Como é fundamental argumentar, fundamentais também são os argumentos a apresentar para influenciar determinado auditório. Se o orador desconhecer os valores aceitos pelos interlocutores ou não refletir adequadamente sobre os argumentos provavelmente não terá sucesso.

 

Para Perelman existem três tipos de argumentos. Argumentos quase lógicos, formulados a partir de princípios lógicos, calcados no raciocínio matemático, que buscam conclusões de identidade, reciprocidade, comparação ou contradição.

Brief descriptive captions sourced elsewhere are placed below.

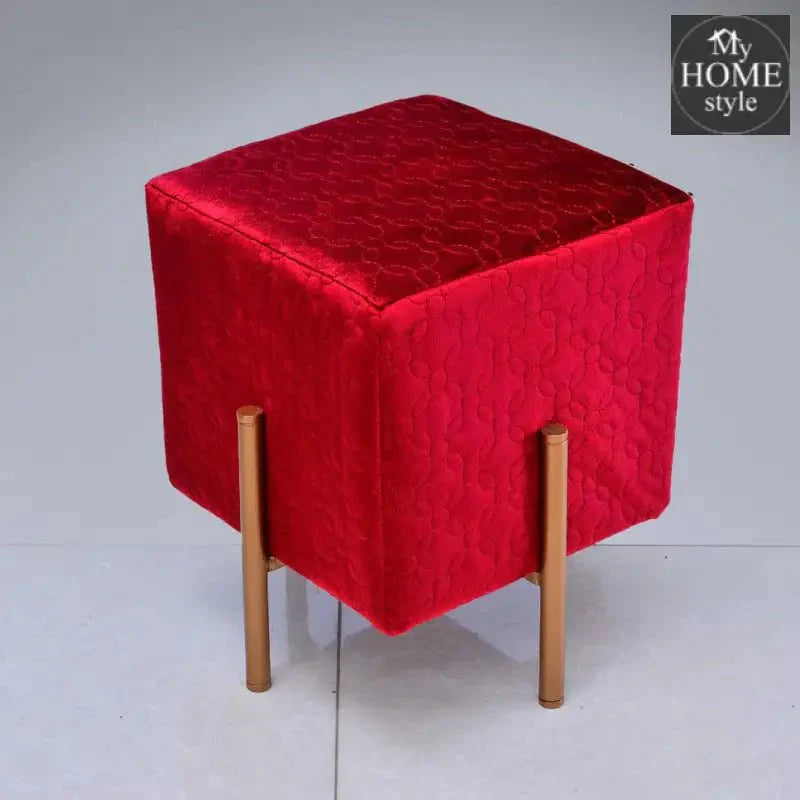 Wooden stool With Steel Stand -294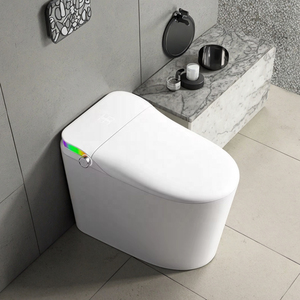 Oem/ODM một mảnh sang trọng tự động màu đen nhà vệ sinh thông minh với CHẬU VỆ SINH P-trap WC closestool nâng cao ghế Chức năng sưởi ấm - Product Image 1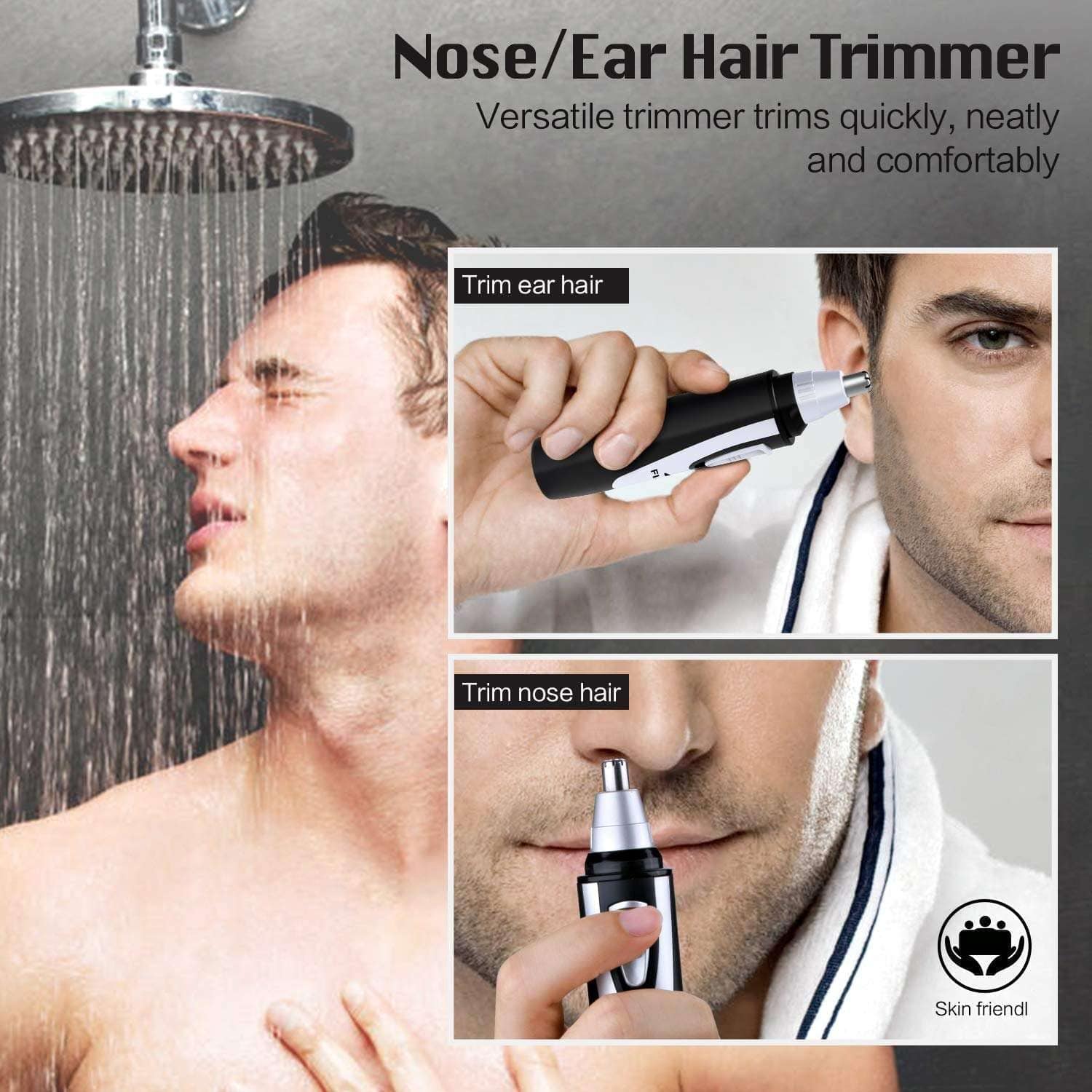 Trimmer For Men Men's Shaver For Women Shaver And Trimmer - Unisex 3 in 1 Electric Nose Hair Trimmer - Unisex 3 in 1 Electric Nose Hair Trimmer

Argumentos baseados na estrutura do real, ou seja, naquilo que o auditório aceita como real. São raciocínios que buscam uma relação entre os juízos previamente aceitos e outros a que se pretende aceitação.

 

Finalmente, argumentos que fundam a estrutura do real, ou seja, capazes de estabelecer exemplos e generalizações a partir de casos específicos.

 

Como a nova Retórica não se atem ao discurso, mas sim à força dos argumentos capazes de garantir a adesão do seu auditório é importante também analisar o vínculo entre o orador e seu discurso, e mais ainda, o vinculo entre o orador e seu auditório.

 

Para garantir o sucesso o orador deve conhecer previamente seu auditório, sua especificidades, escolher seus argumentos e proferir seu discurso eficientemente, obtendo sua atenção. A elaboração dos argumentos deve passar por duas etapas, ou seja, a produção de acordos prévios e uso das técnicas argumentativas.

 

Segundo Perelman, as verdades universais somente existirão se for possível um acordo universal. Verdade é um assentimento do que é comum, ou seja, um acordo do auditório universal. No entanto como cada orador e cada tradição possuem o conceito do que é universal, o auditório universal não deixa de ser meramente uma aspiração subjetiva do autor.

 

 

 

 

 

 

 

 

 

 

  1. 2.    CONCLUSÃO

 

 

O objetivo da Nova Retórica de Perelman foi o de reformular o raciocínio jurídico contemporâneo, tornando a aplicação do Direito uma consequencia da efetivação de Justiça. “O juiz não pode considerar-se satisfeito se pôde motivar sua decisão de modo aceitável; deve também apreciar o valor desta decisão e julgar se lhe parece justa ou, ao menos, sensata.” (Perelman, Logica Juridica, 2004, pg 96).

 

O Direito exige fundamentação, e não demonstração. Fundamentar é dar razões, explicar.

 

A Nova Retórica coloca a argumentação como caminho para o convencimento, (adesão com característica racional, de um auditório universal), e persuasão, (adesão de um auditório particular).

 

A Argumentação é uma técnica que exclui a violência. Ela requer uma comunidade de espíritos, abdicando de qualquer coerção para aceitação de uma tese. O orador profere um discurso, sendo livre a adesão do auditório que ele busca convencer ou presuadir.

 

Essa teoria resgatou a dialética e permitiu inserir a democracia na efetivação da justiça. Seu legado é que a liberdade deve ser respeitada e pode ser conquistada, sem coerção ou violência, somente com o dialogo e a razão. “Apenas a existência de uma argumentação que não seja nem coerciva nem arbitrária, confere um sentido à liberdade humana, condição de exercício de uma escolha racional” (Perelman , 2004, pg 581).

 

 

 

 

 

BIBLIOGRAFIA

 

PERELMAN, Chaim. Lógica Jurídica. Tradução Vergínia K. Pupi. 2. ed. São Paulo: Martins Fontes, 2004.